# Online Encyclopedia

# Distinct

Two or more things are **distinct** if no two of them are the same thing. In mathematics, two things are called **distinct** if they are not equal.

## Example

A quadratic equation over the complex numbers always has two roots.

The equation

*y*=*x*^{2}− 3*x*+ 2

factorises as

*y*= (*x*− 1)(*x*− 2)

and thus has as roots *x* = 1 and *x* = 2. Since 1 and 2 are not equal, these roots are distinct.

In contrast, the equation:

*y*=*x*^{2}− 2*x*+ 1

factorises as

*y*= (*x*− 1)(*x*− 1)

and thus has as roots *x* = 1 and *x* = 1. Since 1 and 1 are (of course) equal, the roots are not distinct; they *coincide*.

In other words, the first equation has distinct roots, while the second does not. (In the general theory, the discriminant is introduced to explain this.)

## Proving distinctness

In order to prove that two things *x* and *y* are distinct, it often helps to find some property that one has but not the other. For a simple example, if for some reason we had any doubt that the roots 1 and 2 in the above example were distinct, then we might prove this by noting that 1 is an odd number while 2 is even. This would prove that 1 and 2 are distinct.
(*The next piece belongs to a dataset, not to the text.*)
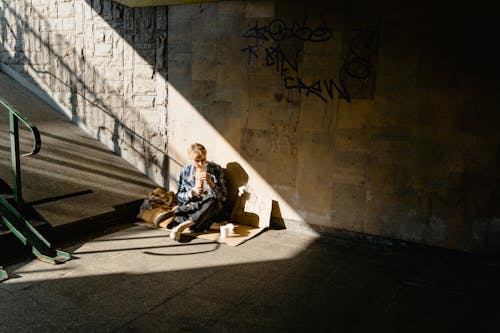 Photo of a Woman Eating Alone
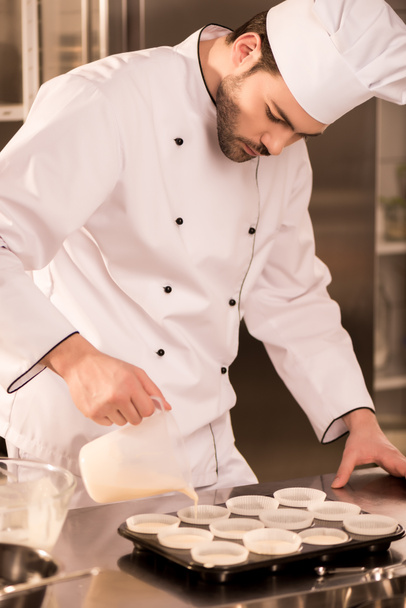 portrait of confectioner pouring dough into baking forms in restaurant kitchen - Photo, Image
Along the same lines, one can prove that *x* and *y* are distinct by finding some function *f* and proving that *f*(*x*) and *f*(*y*) are distinct. This may seem like a simple idea, and it is, but many deep results in mathematics concern when you can prove distinctness by particular methods. For example, the Hahn Banach Theorem says (among other things) that distinct elements of a Banach space can be proved to be distinct using only linear functionals.